Our Letter to National Marine Sanctuary Managers:
September 2020
Dear Mr. Douros and Mr. Michel:
We, the undersigned, are concerned that the latest conservation management plan proposed for the Monterey Bay National Marine Sanctuary and Davidson Seamount would allow continued commercial fishing in much of the water column above the seamount. As you well know, the California seamounts collect a vast and spectacular array of wildlife –colorful sponges, corals, and fish--on their slopes, and abundant and diverse marine life in the water column above. As the ocean warms, places like Davidson Seamount are becoming even more critical as climate refuges for ocean life, but to provide complete conservation benefits, refuges like seamounts need protection for the entire ecosystem from the deep bottom all the way to the surface of the ocean.
The Davidson Seamount has often been called an Oasis of the Deep, filled with fragile deep sea corals below and teeming above with marine life such as whales, seabirds, sea turtles, tuna, sharks, and swordfish. But the proposed Sanctuary plan does not protect the waters above the seamount (from the surface to 3,000 feet down fishing is allowed). Monterey Bay Sanctuary’s own report on threats to the seamount [page 15] documents risks to the whole ecosystem from commercial fishing for tuna, sharks and swordfish.
Many ocean conservation studies show that removal of top predators like tuna and sharks from surface waters can not only effect the abundance of the smaller fish they eat but also ripple through the food web below. Removing top predators can even have an impact on zooplankton and plankton all down at the base of the food chain and reduce the diversity of marine life in the area.[i] Further, there are very few fully protected open ocean marine protected areas in the world; Davidson Seamount would be an important addition.[ii]
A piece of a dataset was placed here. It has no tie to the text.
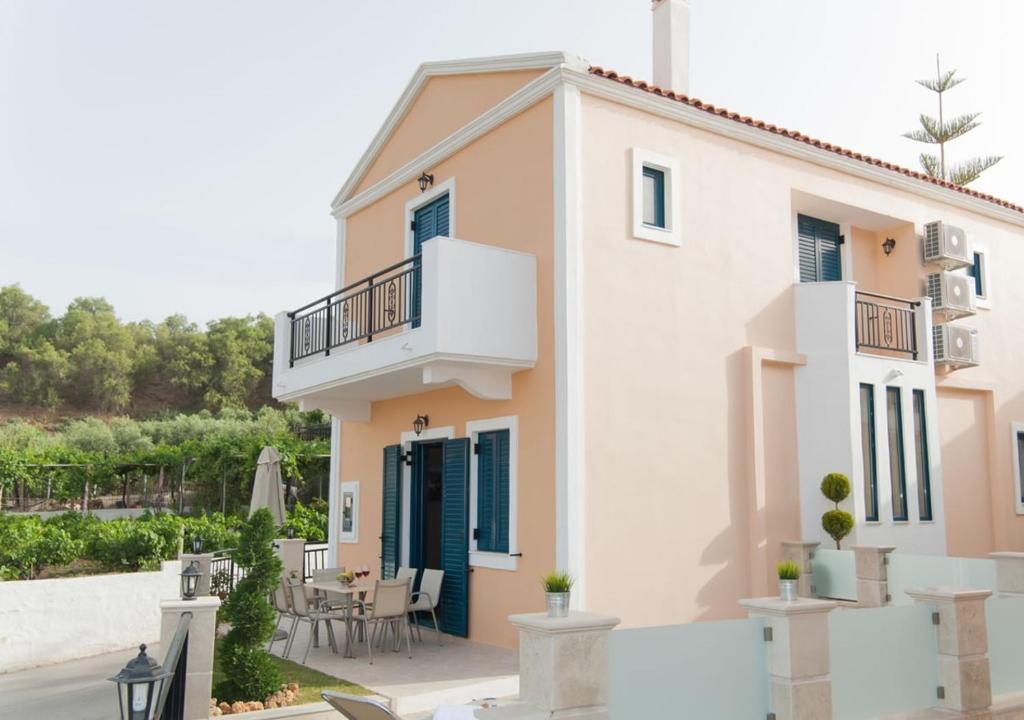 A balcony or terrace at Peonia and Ortansia Villas - Few Steps from the beach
We believe it is imperative for the water column above the seamount to be fully protected from fishing and other forms of ocean extraction. Fishing, especially commercial fishing, can change the entire seamount ecosystem from seafloor to the top of the ocean. We should not let that continue.
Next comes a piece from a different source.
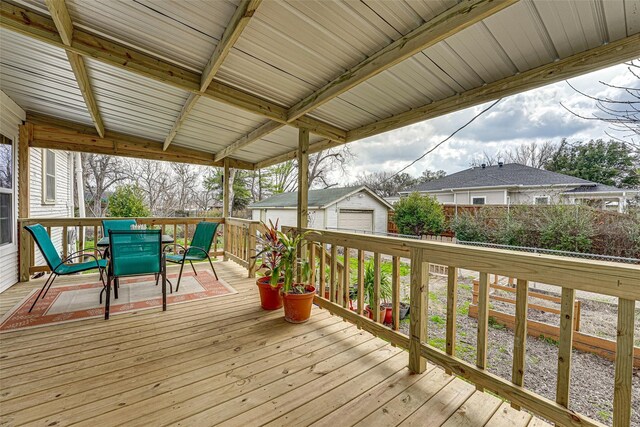 wooden deck with fence, a detached garage, an outdoor structure, and outdoor dining space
Yours in ocean protection,
[Your name here]
[i] Julia K. Baum and Boris Worm. (2009) Cascading top-down effects of changing oceanic predator abundances. British Ecological Society, Journal of Animal Ecology 78, 699–714
Guillermo Ortuño Crespo and Daniel C. Dunn. (2017) A review of the impacts of fisheries on open-ocean ecosystems. ICES Journal of Marine Science, doi:10.1093/icesjms/fsx084
[ii] Edward T. Game et. al. (2009) Pelagic protected areas: the missing dimension in ocean conservation, Trends in Ecology and Evolution, add rest of reference.